Between an image of a cursed composer that accompanies him despite himself and an attempt to change his musical focus, the grave and indecipherable voice of Micah P. Hinson lands tonight in Barcelona (La Nau, 8:30 p.m.) on a tour of small venues of the European geography where to date it has sold out all the tickets. The new work by the folk singer-songwriter from Memphis, I lie to you (Ponderosa), goes through a few years marked by a sentimental break with the mother of his children, the pandemic and an emotional crisis that was on the point of definitively removing the already-already from music. Veteran artist, who for two years has lived between Texas and Madrid, where he lives with the muralist Lina Castellanos.
I lie to you “is a turning point after realizing that I was making songs anchored in the past, going too far back in my relationships and my feelings,” Hinson explains to La Vanguardia from the Bologna airport, his deep voice resounding on the phone of his tunes.
Assuming this inflection led the musician to write songs like Ignore the Days, which opens the album, or Wasted days and wasted nights, where he talks about lost loves, the past but also redemption, in a dozen melancholic melodies that give off a tender rawness , far from the telluric sound that emanated from his previous work, When I shoot you with arrows, i will shoot to destroy you. The album also includes material from previous years, “a bunch of old songs that I thought were the best I had left, songs that I felt needed to be heard.”
After disagreements with his previous record label, Hinson found the support to record I lie to you with the Italian Alessandro Stefana, Asso, producer of an album that started in 2019 and was definitely forged during the months of the pandemic and confinement, while the Texan musician made a living with temporary jobs.

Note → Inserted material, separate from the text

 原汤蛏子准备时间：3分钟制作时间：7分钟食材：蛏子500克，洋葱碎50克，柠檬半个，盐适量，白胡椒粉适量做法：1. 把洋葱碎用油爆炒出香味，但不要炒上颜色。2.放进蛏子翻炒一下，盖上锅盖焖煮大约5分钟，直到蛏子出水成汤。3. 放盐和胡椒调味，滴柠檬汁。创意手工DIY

In those months of uncertainty, the singer-songwriter sent his recordings to Italy, “I’m not even sure we would have planned to make a record, just record and see what happens,” he explains. “After the plague (that’s what he calls the pandemic) I was able to come to northern Italy to finish it. It wasn’t a hard record to make, the hard part was the time we made it.”
His tall body, his glasses and the cigarette with a black mouthpiece always in his mouth have become a hallmark of Hinson, who has now made two decades and ten studio albums, having created a reputation as a cursed musician that he does not share. But it is difficult to resist the topic when his biography makes him born in Memphis into a fundamentalist Christian family to move to Texas as a teenager.
In the desert Midwest is where Hinson, who also has Chickasaw tribal blood, began his musical career while maintaining a relationship with a model who introduced him to the world of drugs and, from there, to lose practically everything happening. even by police cells and living in destitution, disowned by his own family Everything changed when, through a friend, he contacted the British label sketchbook, which paid for him to travel to the United Kingdom to record his first work, Micah P. Hinson and the gospel of progress, published in 2004.
“I don’t feel responsible for what they say about me, I keep reading articles where they say I went to prison when I never have, I just went through the dungeon” Micah explains patiently, distancing himself from the suggestive images with which he could dress his music . He prefers to offer it as it is, dark, deep, with sometimes cruel lyrics wrapped in a sound that links him to the American folk tradition like John Denver’s version of Please daddy don’t get drunk these Christmas. “Denver is my main influence, but I didn’t grow up with Hank Williams or Johnny Cash, I don’t listen to country but it’s possible that my music sounds like that because I was born in Memphis and grew up in Texas,” he explains, leaning his musical tastes in the direction of Siouxie and The Banshees, Smashing Pumpkins, Nirvana or the Pixies.